What you have to do: Below are records with pictures in them. Transcribe everything from the line containing "4 ����. ��������, 102/-/- ��. �., 5/9" down to the line containing "Etecs encerram inscrições do vestibulinho nesta quarta Etecs", exactly, and leave the pictures behind.

Entries shown:

===============

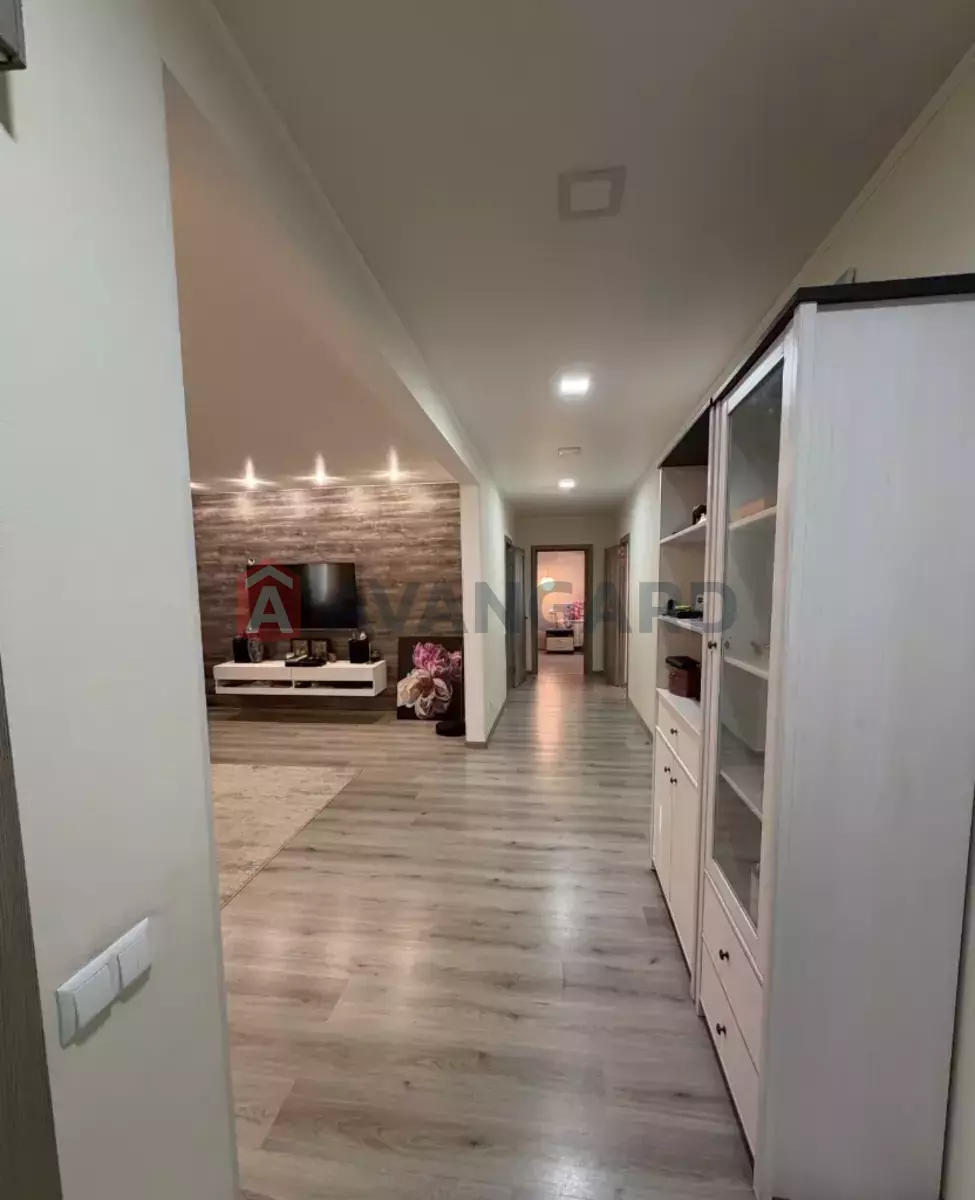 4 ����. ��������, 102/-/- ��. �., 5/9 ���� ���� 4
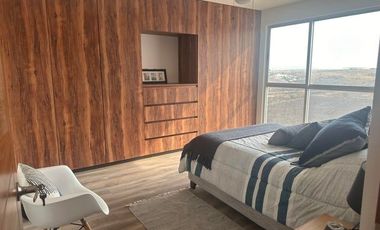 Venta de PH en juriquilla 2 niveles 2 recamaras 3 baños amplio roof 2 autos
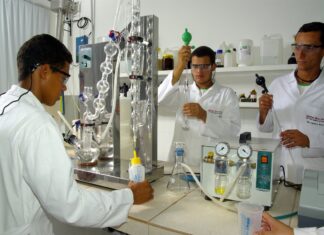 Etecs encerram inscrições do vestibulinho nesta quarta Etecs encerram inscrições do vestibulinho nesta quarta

===============

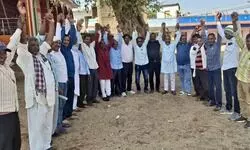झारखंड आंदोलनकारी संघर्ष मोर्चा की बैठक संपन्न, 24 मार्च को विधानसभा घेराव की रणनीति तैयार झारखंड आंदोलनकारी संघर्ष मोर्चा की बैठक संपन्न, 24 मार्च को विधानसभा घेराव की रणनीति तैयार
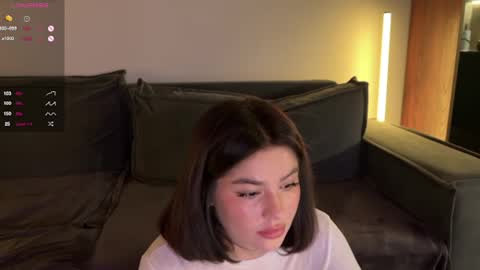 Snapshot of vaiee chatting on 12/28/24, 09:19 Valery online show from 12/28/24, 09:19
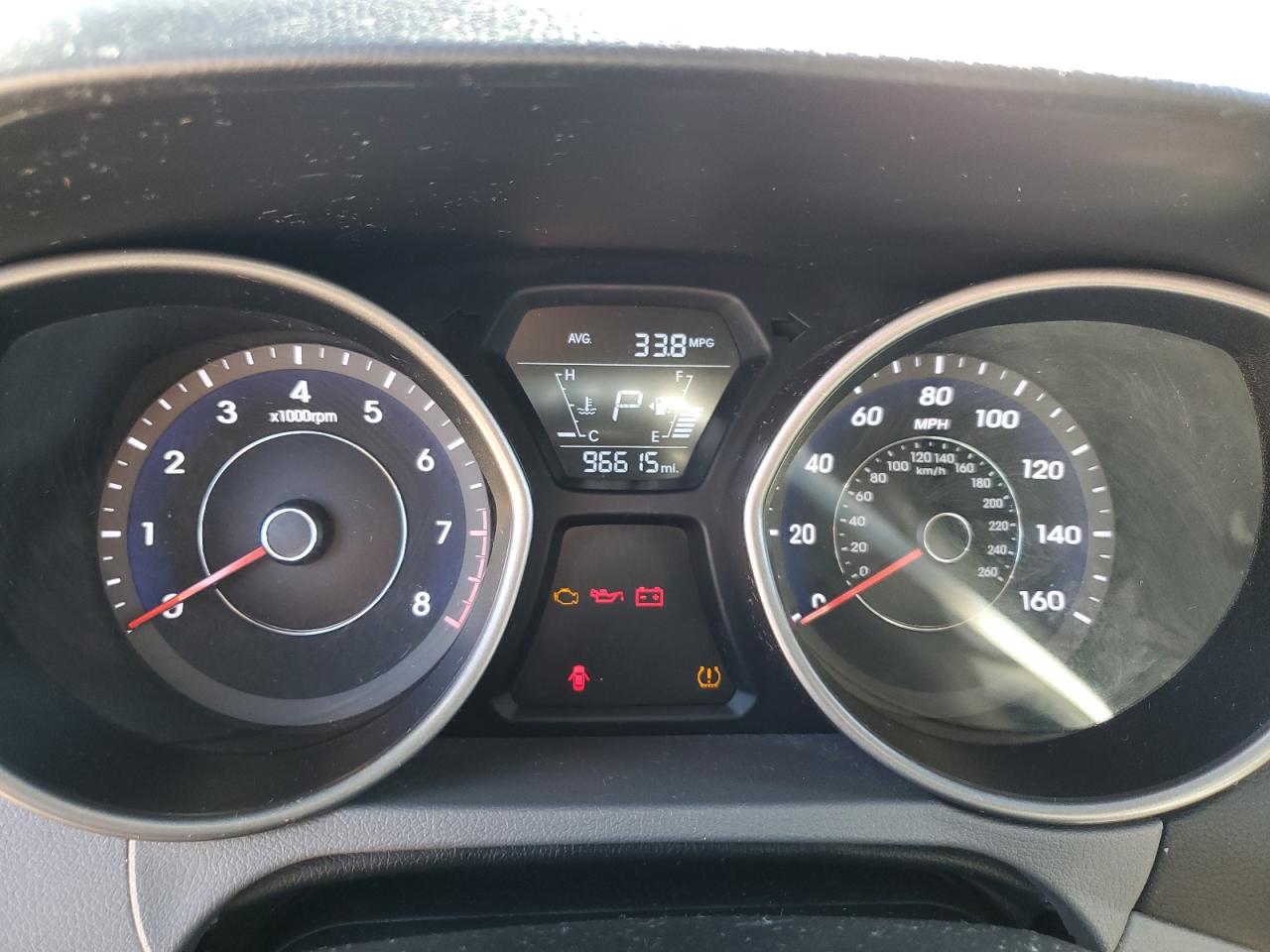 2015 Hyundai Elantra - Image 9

===============

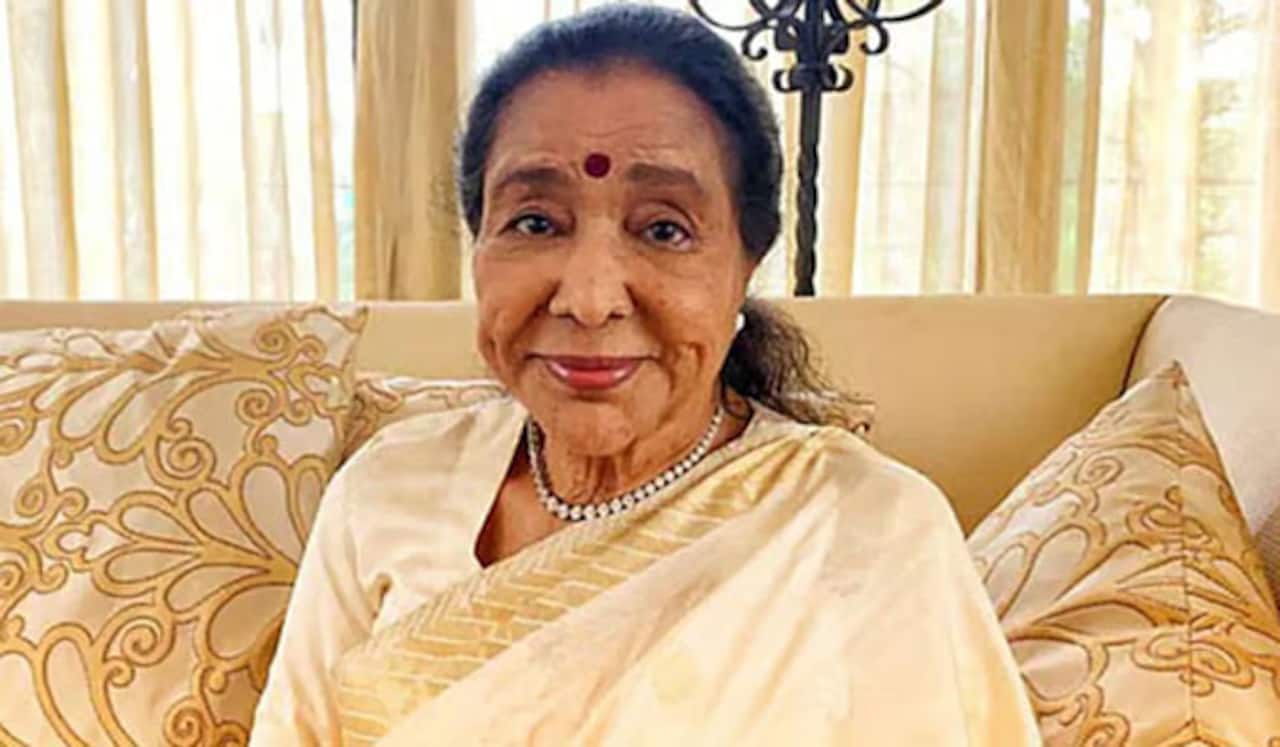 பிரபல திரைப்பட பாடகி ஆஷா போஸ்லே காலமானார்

===============

Answer section:
 4 ����. ��������, 102/-/- ��. �., 5/9 ���� ���� 4
 Venta de PH en juriquilla 2 niveles 2 recamaras 3 baños amplio roof 2 autos
 Etecs encerram inscrições do vestibulinho nesta quarta Etecs encerram inscrições do vestibulinho nesta quarta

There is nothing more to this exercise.